### What to do
Copy each line, word for word, from the one with "Stanchion Dual Belt" through the final line of the listing, but skip the pictures.

### Collected material
= Beginning of Section =
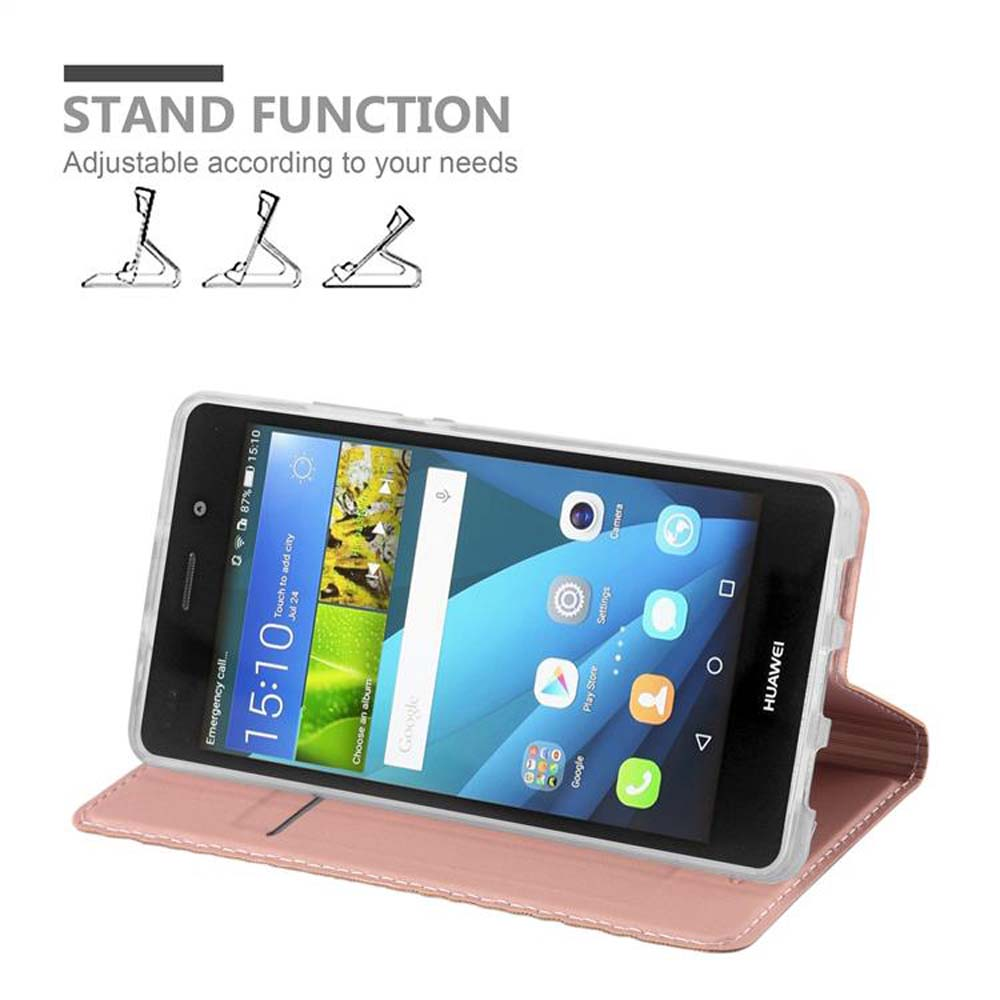 Teléfono en funda con función de soporte. Pantalla del teléfono encendida, mostrando la búsqueda de Google.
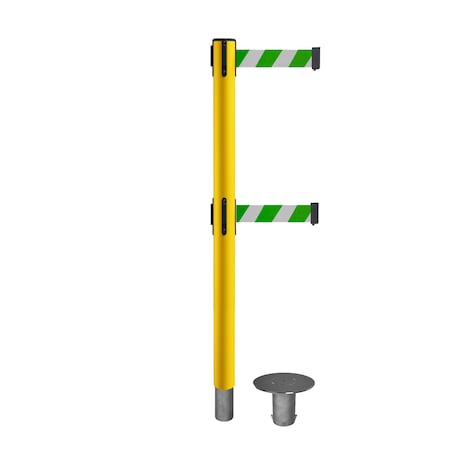 Stanchion Dual Belt Barr. Removable Base Yellow Post 7.5ftGrn/Wh Belt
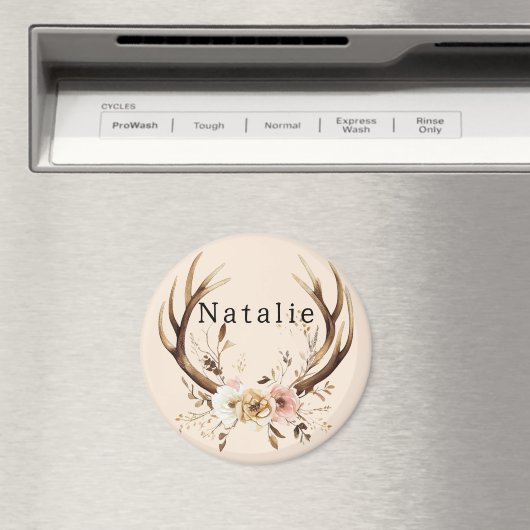 Cream Pink Floral Deer Antlers Personalisiert Magnet (In Situ (Geschirrspüler))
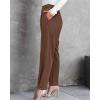 imageBTFBM Work Pants Women Business Casual Outfits Fall 2025 Elastic High Waist Dress Trousers Pockets Long Tapered SlacksBrown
= End of Section =
### Solution to this exercise
 Stanchion Dual Belt Barr. Removable Base Yellow Post 7.5ftGrn/Wh Belt
 Cream Pink Floral Deer Antlers Personalisiert Magnet (In Situ (Geschirrspüler))
 imageBTFBM Work Pants Women Business Casual Outfits Fall 2025 Elastic High Waist Dress Trousers Pockets Long Tapered SlacksBrown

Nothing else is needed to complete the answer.